Malzemenin Hafızası ve Ritüellerin İzleri
Sergi, geleneksel bir hamam ziyaretinin ritüel akışından esinlenerek kurgulandı. Ziyaretçiler yeraltındaki sarnıca adım attıklarında, Minchin’in imzası haline gelen balmumu perdeler sembolik bir eşik oluşturuyor ve onlara rahatlama, soyunma ve dönüşüm anlarını çağrıştırıyor. Bu işler, dış katmanların ve toplumsal kimliklerin geride bırakılarak ritüel alanına geçişin yapıldığı soğukluk mekânlarına referans veriyor. Sanatçının ellerinde balmumu hem bir deri hem de bir kabuk hâline geliyor: esnek, koruyucu ve geçirgen.

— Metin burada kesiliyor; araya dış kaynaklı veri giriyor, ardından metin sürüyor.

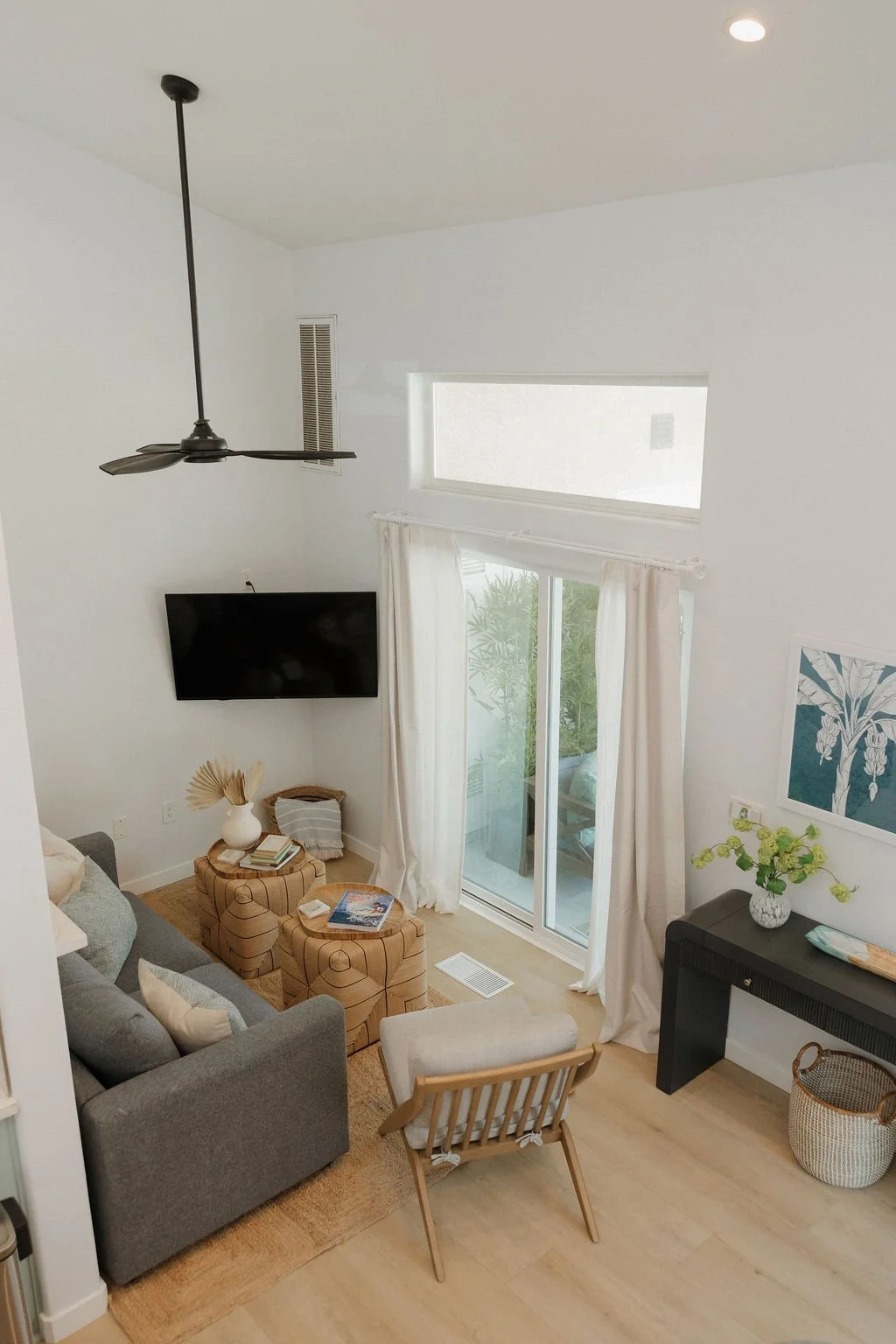 A living room with a gray sofa, two patterned ottomans, a wooden chair, a black console table with a vase of green flowers, a wall-mounted TV, a sliding glass door with white curtains, a rectangular window, and a ceiling fan.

Süreç odaklı işler sarnıcın geçitlerinde devam ediyor. Bunlar arasında sanatçının “Hydromancies” serisinden, yarı saydam kâğıt üzerine su, pigment ve ateşin etkileşimiyle yarattığı narin çizimlerden oluşan yeni üretimler yer alıyor. Bu çizimler, hem gökyüzü haritalarını hem de el falı motiflerini çağrıştırıyor; hamam kültürüne ve hamamın banisi Barbaros Hayreddin Paşa’ya uzanan bilimsel ve mistik geleneklerle yankılanıyor. Minchin, kehanet amacıyla erimiş metallerle uygulanan kadim bir yöntem olan molybdomancy (kurşun dökme) pratiğinden de ilham alıyor. Sanatçının İstanbul’da ürettiği yeni kalay yerleştirmeler, sarnıcın uhrevi atmosferinde akışarak danteli andıran yansıtıcı formlara dönüşüyor. Kalaydan işlerin bazıları ise hamamın restorasyonuyla doğrudan diyaloğa giriyor, arkeolojik kazılarda gün yüzüne çıkarılan tarihi objelere gönderme yapıyor.
Sanatçı İstanbul’daki süreci boyunca şehrin adak ve dilek temelli inanç pratiklerinden de etkilendi. Yerel kiliselerden topladığı, bir zamanlar umutla yakılmış yarı yanmış mumlardan oluşturduğu yeni bir iş; kolektif özlem, hafıza ve spiritüel tortular için heykelsi bir taşıyıcıya dönüşüyor. “Where the River Burns”, ritüel, mimari ve malzemenin ısıyla dönüşümünü bir araya getiriyor. Minchin’in yerleştirmeleri kutsal ile gündelik, anıtsal ile mahrem olan arasında bir yerde konumlanıyor.

Hamamın Belleğinde Çağdaş Bir Yolculuk
Balmumu, kalay ve kâğıtla çalışırken bile Minchin; arzunun izlerini, bakımın kendine özgü hareketlerini ve adanmışlığın eylemlerini kaydediyor. Hamamı ise, maddenin metafora dönüştüğü ve ritüellerin alev alıp canlandığı bir mekâna çeviriyor. Minchin’in sergisi, Zeyrek Çinili Hamam’ın güncel sanat programı kapsamında gerçekleşen dördüncü proje ve 18 Ocak 2026’ya kadar görülebilir. Program, tarih boyunca toplumsal bir işlev üstlenen hamamların şifa, aidiyet ve bir araya gelme mekânı olma misyonunu; herkese açık, ücretsiz sergi ve etkinliklerle günümüzde yaşatmayı amaçlıyor.